Purworejo - Kemarau panjang dan kekeringan yang melanda banyak daerah di Indonesia membuat warga perlu biaya ekstra untuk mendapatkan air bersih. Hal itu yang kemudian membuat Ratno (40), warga Kecamatan Bener, Sleman yang juga mantan sopir mengembangkan alat untuk mengatasi distribusi air.
"Empat tahun lalu saya jadi relawan air bersih bergabung dengan beberapa teman, tugasnya mengawal distribusi bersih di desa-desa dan memperbaiki apabila ada sarana yang rusak," tuturnya seperti dikutip laman KRJogja, Senin (19/8/2019).
Ratno merasa prihatin dengan persoalan yang dialami warga dan memutuskan membuat inovasi untuk mengatasi kesulitan itu. Mereka melirik pemanfaatan pompa ejlek atau pompa tipe hidram yang telah lama dimanfaatkan sebagian warga Kecamatan Bener.
Advertisement
Pompa bekerja dengan sistem tekanan untuk mendorong air ke tempat yang dituju. Bahkan air bisa diangkat hingga ketinggian ratusan meter dari sumber air. Namun pompa itu dimodifikasi. Ratno menyadari penggunaan pompa hidran yang asal-asalan justru membuang air dalam jumlah cukup banyak. Bahkan pemerintah melarang penggunaan pompa itu, terutama apabila memanfaatkan aliran irigasi.
"Debitnya bisa kurang, karena ada sebagian yang terbuang. Jika dilakukan tentu bisa mengganggu para petani pengguna air," ungkapnya.
Berjalannya waktu, akhirnya Ratno melakukan upaya modifikasi itu sendirian. Ia mencoba merekayasa pompa hidram tanpa dengan meminimalkan volume air yang terbuang.
Ratno membuat terobosan itu di bengkel bekas garasi samping rumah. "Saya coba secara otodidak dan berhasil, sekarang air terbuang dari pompa ini tidak sampai 30 persen, dan semakin besar diameter pompa, volume hilang semakin kecil," terangnya.
Pompa itu coba diterapkan di desanya. Pembudidaya ikan setempat, Samino menggunakan pompa itu untuk menyedot air sisa pembuangan kolam ikan menuju rumahnya yang berjarak kurang lebih 50 meter. Pemasangan berhasil dan Samino bisa membudidayakan ikan di halaman rumahnya. Keberhasilan itu membuat Ratno semakin percaya diri.

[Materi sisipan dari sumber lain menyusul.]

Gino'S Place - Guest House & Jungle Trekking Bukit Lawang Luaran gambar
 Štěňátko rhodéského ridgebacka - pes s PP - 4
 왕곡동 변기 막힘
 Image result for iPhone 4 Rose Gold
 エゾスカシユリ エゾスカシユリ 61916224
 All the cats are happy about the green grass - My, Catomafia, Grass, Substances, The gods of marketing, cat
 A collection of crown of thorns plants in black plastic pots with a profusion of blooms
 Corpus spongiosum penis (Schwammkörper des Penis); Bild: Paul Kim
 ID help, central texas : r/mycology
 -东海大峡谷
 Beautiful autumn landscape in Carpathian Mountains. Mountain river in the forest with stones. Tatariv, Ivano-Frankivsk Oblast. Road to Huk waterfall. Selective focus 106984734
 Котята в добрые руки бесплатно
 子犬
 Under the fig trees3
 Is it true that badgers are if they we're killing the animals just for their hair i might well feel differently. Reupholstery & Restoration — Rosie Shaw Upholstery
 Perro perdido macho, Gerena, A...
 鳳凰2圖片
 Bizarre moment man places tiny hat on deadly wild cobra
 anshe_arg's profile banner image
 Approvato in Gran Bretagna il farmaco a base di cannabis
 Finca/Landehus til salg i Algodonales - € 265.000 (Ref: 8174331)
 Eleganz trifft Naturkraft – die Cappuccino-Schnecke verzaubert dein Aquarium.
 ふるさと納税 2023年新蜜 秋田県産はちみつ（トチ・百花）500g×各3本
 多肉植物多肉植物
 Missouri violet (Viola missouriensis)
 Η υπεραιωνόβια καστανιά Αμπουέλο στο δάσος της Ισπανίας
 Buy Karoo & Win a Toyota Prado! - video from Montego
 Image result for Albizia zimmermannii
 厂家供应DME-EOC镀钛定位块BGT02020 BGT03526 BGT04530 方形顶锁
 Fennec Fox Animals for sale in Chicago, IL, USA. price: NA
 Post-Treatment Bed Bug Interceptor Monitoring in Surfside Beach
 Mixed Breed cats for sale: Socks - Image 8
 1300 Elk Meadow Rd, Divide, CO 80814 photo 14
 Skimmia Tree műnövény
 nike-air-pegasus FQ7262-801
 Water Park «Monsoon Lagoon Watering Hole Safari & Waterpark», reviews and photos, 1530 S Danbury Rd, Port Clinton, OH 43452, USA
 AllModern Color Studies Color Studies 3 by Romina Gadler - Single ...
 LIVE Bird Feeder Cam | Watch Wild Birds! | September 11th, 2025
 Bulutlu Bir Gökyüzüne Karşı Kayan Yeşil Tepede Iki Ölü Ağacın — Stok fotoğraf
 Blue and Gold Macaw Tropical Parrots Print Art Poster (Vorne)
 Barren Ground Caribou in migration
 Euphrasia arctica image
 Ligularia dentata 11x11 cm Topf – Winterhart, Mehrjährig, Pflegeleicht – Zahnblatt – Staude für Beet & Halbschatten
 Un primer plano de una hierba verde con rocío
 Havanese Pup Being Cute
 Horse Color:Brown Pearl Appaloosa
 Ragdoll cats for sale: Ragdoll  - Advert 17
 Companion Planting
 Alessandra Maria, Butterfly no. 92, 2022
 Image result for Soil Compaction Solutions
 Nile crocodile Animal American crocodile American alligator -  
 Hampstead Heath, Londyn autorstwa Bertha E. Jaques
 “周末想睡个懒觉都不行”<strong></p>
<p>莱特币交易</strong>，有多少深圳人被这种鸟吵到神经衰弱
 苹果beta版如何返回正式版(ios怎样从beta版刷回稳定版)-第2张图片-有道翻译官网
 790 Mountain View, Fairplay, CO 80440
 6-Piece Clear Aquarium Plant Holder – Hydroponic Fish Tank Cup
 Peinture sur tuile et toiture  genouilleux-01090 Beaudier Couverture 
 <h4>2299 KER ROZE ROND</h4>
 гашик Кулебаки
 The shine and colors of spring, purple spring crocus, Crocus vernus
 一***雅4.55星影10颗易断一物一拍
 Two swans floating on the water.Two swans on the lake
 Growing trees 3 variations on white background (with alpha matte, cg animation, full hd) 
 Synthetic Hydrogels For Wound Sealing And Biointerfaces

Dia terus menyempurnakan pompa itu dan mulai memasarkannya secara online. Ratno mematok harga mulai Rp 7,5 juta belum berikut ongkos kirim untuk setiap set pompa. "Sejak dulu sampai sekarang sudah buat lebih dari 20 pompa, dimanfaatkan untuk pertanian, perikanan dan air minum. Pesanan dari berbagai daerah di Jawa, Sumatera, Kalimantan, Bali dan Papua," ungkapnya.
Akan tetapi, tidak seluruh keuntungan digunakan untuk kepentingan pribadinya. "Saya dulu dimodali teman dan dia tidak mau uangnya dikembalikan, karena itu sebagian hasil penjualan pompa dikumpulkan dan digunakan menyumbang masjid dan fakir miskin," katanya.
Ratno berharap terobosannya dilirik pemerintah, sehingga semakin berkembang dan meluas pemanfaatannya. Meski demikian, dukungan selama ini sudah diberikan pemerintah desa dan kecamatan. "Mereka mengapresiasi upaya saya, bahkan memasukkan produk itu jadi salah satu produk inovasi desa tahun 2018," ucapnya.
Kepala Desa Kaliurip Pardiyantoko mengatakan, inovasi Ratno sangat membantu masyarakat dalam membantu mencukupi kebutuhan air untuk budidaya pertanian. "Sangat bagus, apalagi memanfaatkan pembuangan dari kolam ikan, air yang sebelumnya terbuang, dimanfaatkan untuk perikanan darat di depan rumah warga. Petani pengguna irigasi juga tidak kekurangan air," paparnya.
Camat Bener Agus Widiyanto juga berharap inovasi itu bisa menumbuhkan peluang kerja di Desa Kaliurip. Ratno, lanjutnya, harus didukung agar usahanya terus berkembang.
Menurutnya, pemerintah desa bisa mendukung melalui BUMDES. "BUMDES dapat bermitra dengan Ratno. Bengkel berkembang dan menyerap tenaga kerja, lalu BUMDES memasarkan pompa itu," tandasnya.